Graham Coreil-Allen, "NPS: The Ragged Edge of Rockville," 2015; on view at Kaplan Gallery. (Courtesy Graham Coreil-Allen and VisArts)

F. Scott Fitzgerald, group portraits and that R.E.M song. Lottery tickets, gentrification and a fast-food sign. These are among the artifacts and phenomena that define Rockville and D.C., respectively, in exhibitions that seek to reveal something of those places’ characters. The titles are telling. VisArts’s “(Come Back to) Rockville!” is a pep-squad cheer; Honfleur Gallery’s “How We Lost D.C.” is a blues lament.

The different tones are partly a matter of definition. VisArts’ show is about the area of Rockville that could be called its downtown, home to the neo-urban Town Center and the “Great Gatsby” author’s grave. Honfleur’s is about the majority African American “Chocolate City” that lasted — by U.S. Census tallies — from 1960 to 2010. Both Rockville (as a tag for the entire agglomeration between Bethesda and Gaithersburg) and the District of Columbia are bigger than the territory covered in these shows.

It would be correct but misleading to say that just two artists produced the work about Rockville. Naoko Wowsugi combined video of activity at Town Center, shot from above, with audio interviews of 10 people who live or work there. (One announces her imminent wedding — at VisArts.) Wowsugi also built a network of group photographs, beginning with an image of VisArts staffers, interns and board members. She then photographed other groups that included people in the first picture until she had a wall-size suite of alumni-club, dance-troupe and sports-team portraits. Rockvillians don’t bowl alone, apparently.

Graham Coreil-Allen’s “The Ragged Edge of Rockville” is about place, not people, but he encourages visitors to become part of the project. They can follow his map of the neighborhood and use the provided paper and crayons to make rubbings to add to the ones already in the gallery. Possible sites to visit include the grave of Fitzgerald (from whom Coreil-Allen borrowed the “ragged edge” line and a 1913 monument whose Confederate sympathies recently became newsworthy. More interesting, though, are the service roads around the Town Center, which reveal the place’s stage-set architecture and fundamentally suburban character. Maybe R.E.M. was right to warn, “(Don’t Go Back to) Rockville.”

(Coreil-Allen will lead two-hour walking tours of the “ragged edge,” leaving from VisArts on Sept. 27 at 3 p.m. and Oct. 17 at 4 p.m.) McCain McMurray. "Metropolis," acrylic on canvas, 48 x 68 in; on view at Touchstone Gallery. (Courtesy McCain McMurray and Touchstone Gallery)

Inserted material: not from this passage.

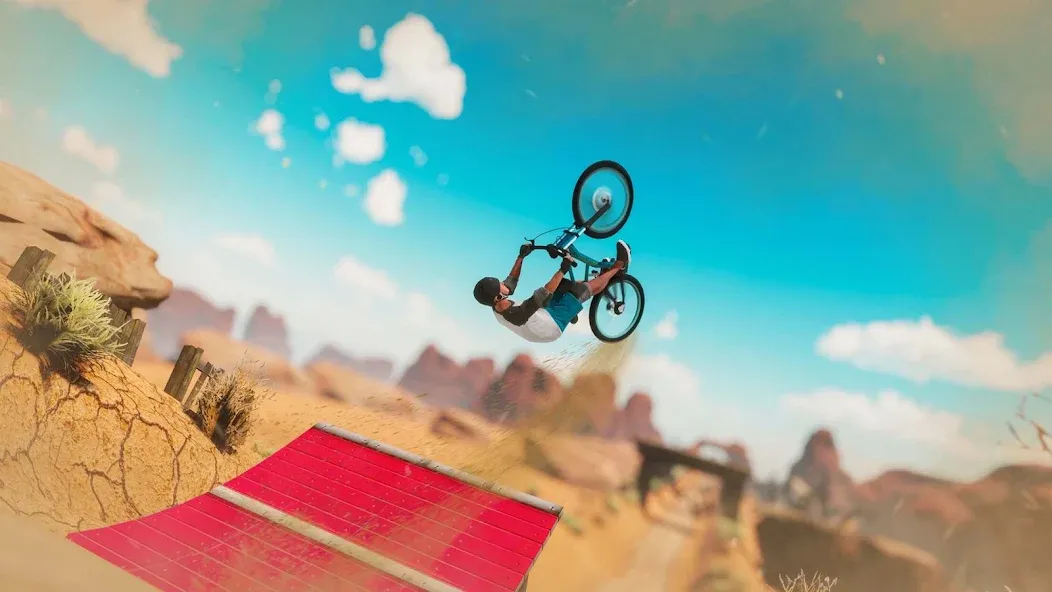 Скачать Bicycle Stunts: BMX Bike Games на Android — Безлимитные деньги и все трюки открыты — скриншот 1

“How We Lost D.C.” was organized by a Delusions of Grandeur, a collective of six local African American artists. Its centerpiece is Wesley Clark’s “The Playing Field,” a large wooden map of the city overlaid with a diagram of football-style strategy. One team seems to be moving west to east, while

another leaves the field altogether. Clark also constructed a chess set whose pieces include skyscrapers and for-sale signs. On a related theme, Stan Squirewell offers a cluster of dialogue with such remarks as “You sold it for how much?” Pens are provided so visitors can add commentary.

Larry Cook contributed a neon sign that hangs in the window, advertising subs, chicken and Chinese food. It may draw hungry passersby in the gallery’s eatery-deprived neighborhood. He also assembled a pile of lottery tickets and tiny pencils, flanked by a broom. It’s a sort of impromptu memorial to the get-rich-quick dreams among the underpaid and underemployed.

Other pieces are less pointed, and sometimes less D.C.-centered. Shaunté Gates’s black-and-white collage-paintings, each accented by a touch of red, include one in which a man navigates a maze-city that has multiple Washington Monuments. Amber Robles-Gordon’s large wall hangings feature circular motifs, notably the snake that encircles one of them, perhaps representing the cycle of existence. Rather than winning and losing, the ringed figure suggests, there is only waxing and waning.

*(Come Back to) Rockville!* On view through Oct. 18 at Kaplan Gallery, VisArts at Rockville, 155 Gibbs St., Rockville. 301-315-8200. www.visartscenter.org.

*How We Lost D.C.* On view through Oct. 31 at Honfleur Gallery, 1241 Good Hope Rd. SE. 202-365-8392. www.honfleurgallery.com.